But in 2016, he didn't know what he was doing. He didn't expect to win. It's very different this time around.
And when do you think he started to know what he was doing? 2017, 2018, 2019, never? If not in any of these years, then why would he know it in 2025?
the heritage foundation is surrounding trump with money and advisors so that they can finish the work that they started in this country in 1980. (they're the people who created project 2025)
they've been successful with other countries and that's taught them how to get things done within the frameworks of other governments and they've also been successful in this country with sympathetic administrations; so they have plenty of experience in making things happen.

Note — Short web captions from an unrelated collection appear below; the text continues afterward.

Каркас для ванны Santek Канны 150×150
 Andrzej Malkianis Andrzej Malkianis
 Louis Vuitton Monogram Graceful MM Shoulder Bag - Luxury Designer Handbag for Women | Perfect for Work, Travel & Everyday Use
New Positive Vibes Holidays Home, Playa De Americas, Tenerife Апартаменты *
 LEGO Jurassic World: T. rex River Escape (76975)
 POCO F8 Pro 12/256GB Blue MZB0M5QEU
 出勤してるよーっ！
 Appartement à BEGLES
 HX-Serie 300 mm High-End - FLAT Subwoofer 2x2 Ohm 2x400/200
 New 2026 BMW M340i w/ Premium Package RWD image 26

Project 2025 is scary, but it's also stuff Republicans have been trying to do since the 80s (as you point out). If Bush and Cheney couldnt do [insert horrible policy here] when they had power, if Trump couldn't do it the first time around, how are they going to do it now?
This shit isn't actually popular, a bunch of the money behind the GOP either doesn't want it or doesn't care (see the effect mass deportations would have on major companies' workforces), and we have even less competent people in the federal government than in the first Trump admin, which itself had even less competent people than Bush.
The Democratic Party doesn't believe this stuff, either (or they just don't care) -- otherwise they'd be bending over backwards between now and January to try and sabotage it. If they cared about mass deportations, Biden could issue pardons for immigration-related offenses. Congress could grant citizenship to large swaths of the immigrants population. But they're instead busy ensuring the smooth transition of power to people they spent the last decade calling fascists.
the heritage foundation has been learning how to do it in this country through trial and error like they've done it in all of the other countries; they've perfected the recipe as evidenced by the successful kill-the-gays laws in africa.
the administrations that were sympathetic to the heritage foundation's cause were restrained by their desire to appeal to moderates and trump, like reagan, has little-to-no such limitations.
and the democrats are MUCH worse than that since they attempted to use project 2025 as a distraction from their complicity in the gazan genocide and won't bother enacting the equal rights amendment that would help protect us from project 2025; even though it's already passed all the legal hurdles 4 years ago and there's still time for the biden administration to enact it.
This time is quite different, actually. First, he learned his lesson about hiring institutionalists as his secretaries and advisors since they would push back against more questionable ideas, now he's surrounding himself with yes-men like RFK jr, Kristi Noem and the likes. There have also been precedents set like the infamous "official act immunity", and just many more lessons learned from 2016 in general.
There's also just much more co-ordination now in general with the whole Project 2025.
Trump has plenty of establishment picks lined up as well.
We had the same fearmongering in 2016. Trump will do some dumb stuff Reagan style but he will not end the world.
The Supreme Court gave the office of the president full immunity for discharging duties of the office.